TO BEGIN AT THE
BEGINNING … …
It is always said that we only ever remember the
good times. Well, I’ve been racking my brain, and do you
know, I can’t remember any bad times! I can remember lots
of funny times though, so I will tell you some of those.
My actual life in uniform (which continues to
this day would you believe?) began with the TA, and went downhill
from then on. I will start with those early days, when life
was easier, and later on will catch up with the SCLI in all
it’s glory.
It all started way back in 1957 (remember 1957?
That’s when the Government was on our side). Together
with a group of friends, we decided that rather than wait to
be called up, what we would do was to join the TA. That way,
we would have learnt all about guns and the like, so when we
actually joined up for our National Service, we would be able
to strip and assemble a Bren Gun just like Bob Monkhouse did
in that Carry On film.
And so it came to pass, that me, Denis Jarman
(who sadly died today, 26 April 2005), Roger Cheetham (who died
years ago), Gerald Milton who is still alive and lives in Wellington
minus a lung, and Tom Leach who ended up as a Policeman somewhere
and who also died years ago, rolled up at the local TA centre
and offered our services. I mention their names, although they
never became either Regulars or National Servicemen, but because
the very mention of their names brings back tears of complete
stupidity and laughter from all those years ago.
Our sojourn at the TA Centre in Bishop’s
Hull, clad in what can only be described as the Country Lad
variety of Teddy Boy gear and surplus hair, lasted nearly 5
minutes. They said they didn’t have vacancies, and that
we should go to Norton Fitzwarren instead.

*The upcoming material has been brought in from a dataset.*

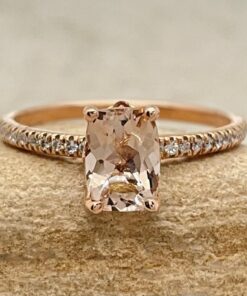 Elongated Cushion Cut Peach Morganite Engagement Ring Rose Gold LS5134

That was how I got entangled with Headquarters
REME 43 (Wessex) Infantry Division Light Aid Detachment (Territorial
Army). The five of us drove out to Norton Fitzwarren, expecting
to be part of the massive Supplies Reserve Depot (which was
actually run by the RASC, but we didn’t know what that
meant), only to be redirected to a pair of large Nissen Huts
(note the spelling chaps; they are huts not cars!) just down
the road. HQ REME (TA).
You have to bear in mind that all this was happening
just twelve years after the end of the War, so things were still
very military, and soldiers weren’t allowed to walk in
the gutter; the people wouldn’t allow it. They would move
to let us pass, and when we protested, they told us that if
we were good enough to fight for them, we were good enough to
walk on the pavement. Quite humbling really, to a 17 year old
who had never fired tea and a wad in anger.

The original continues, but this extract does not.